B. L. Ridley, Murfreesboro, Tenn.

A typical mountaineer-such was Champ Ferguson. The times in which he lived called forth physical energy, egged on by passion. The acts of his adversaries prompted his motives, and raging war made his career in the strife of 1861-65 an epitome of blood.

Champ was at his home, a citizen, when the tocsin was sounded, and stayed there until his own precincts were invaded. A rabid fire eater-passed his house with a troop of Blues. Champ Ferguson's little three-year old child came into the porch waving a Confederate flag. One of the men in blue leveled his gun and killed the child. O anguish! how that father's heart bled. His spirit welled up like the indomitable will of the primitive Norseman. In a moment of frenzy he said that the death of his baby would cost the "bluecoats" a hundred lives.
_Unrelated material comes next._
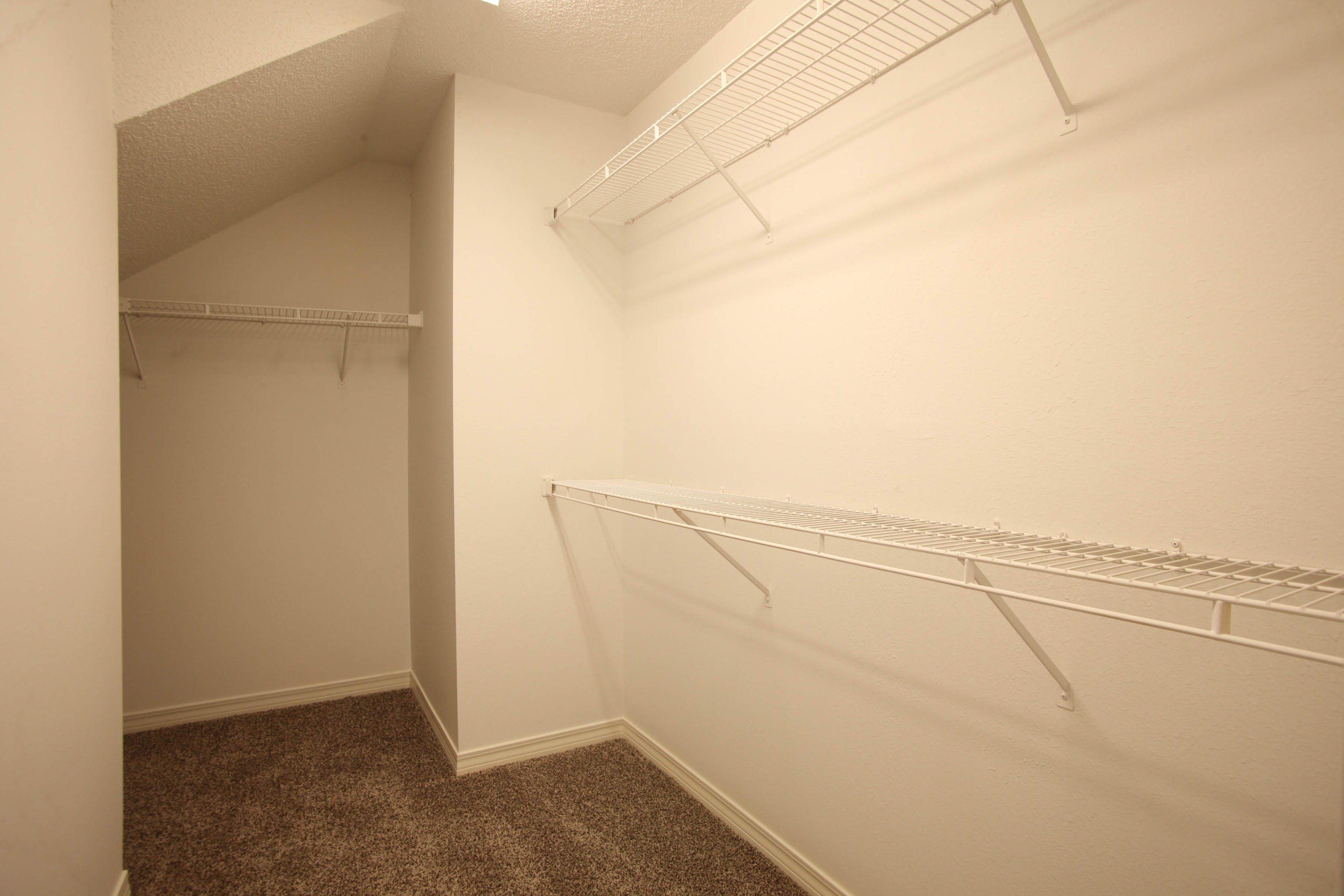 HOLLYROD PARK - Residential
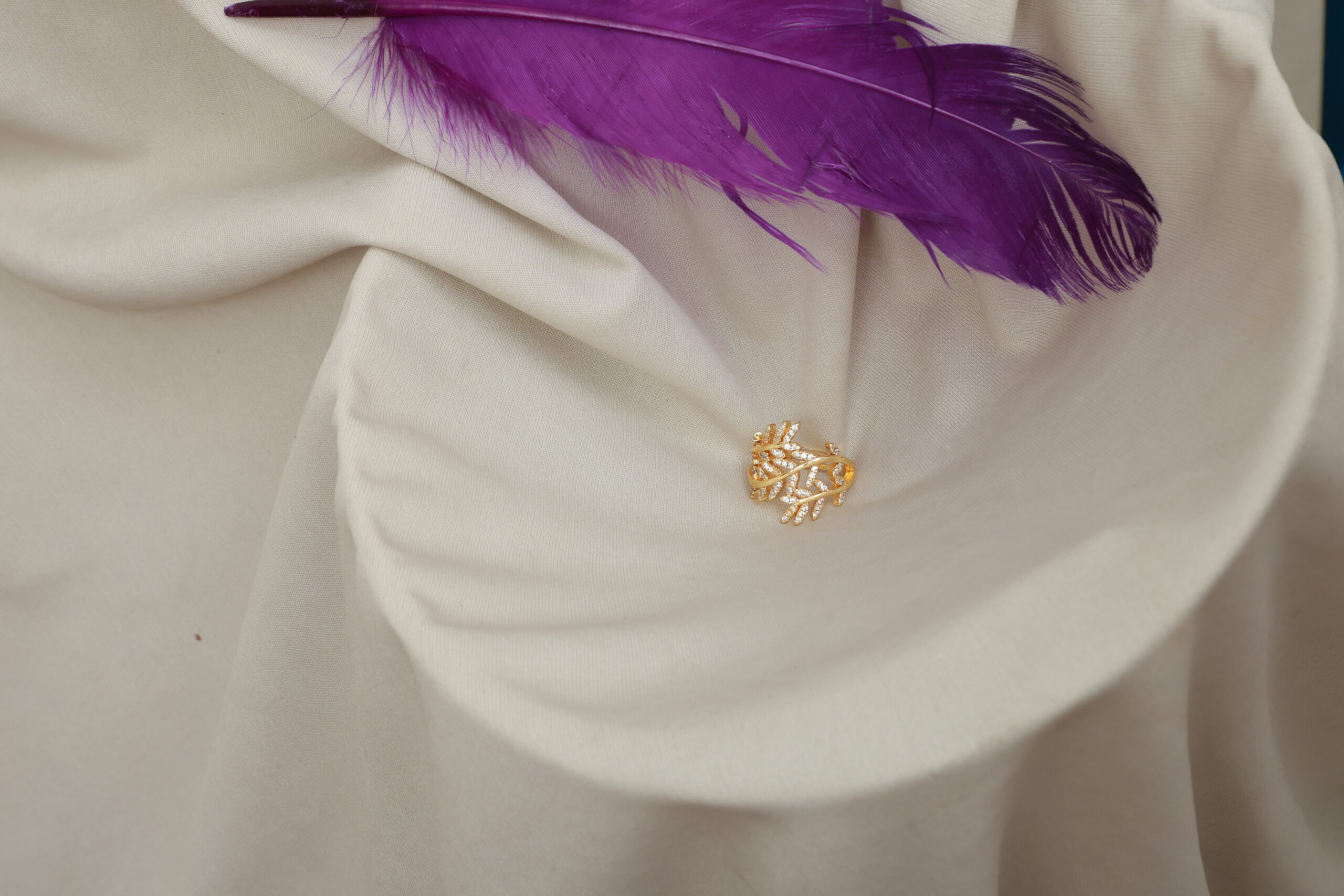 Anti Tarnish Adjustable Teardrop with leaf Big Ring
And it did. One hundred and twenty is believed to be the number he put to death.

He took to the woods, and for four years his war upon them was unrelenting and vengeance was never appeased. It increased with the raging torrent as his family and friends were much vilified and abused. In the Cumberland Mountains clans formed and terrorized the section by petty warfare until the caldron of fear and apprehension invaded every home. It grew with the years, and Champ became the terror of the Northern side, while Huddleston and Tinker Dave Beatty were that to the Southerners. The acts of the latter, because they belonged to the victorious side, are buried in the tomb, and the government perhaps honors their memory; but the acts of Champ Ferguson, because of the misfortunes of war, are bruited as the most terrible in history.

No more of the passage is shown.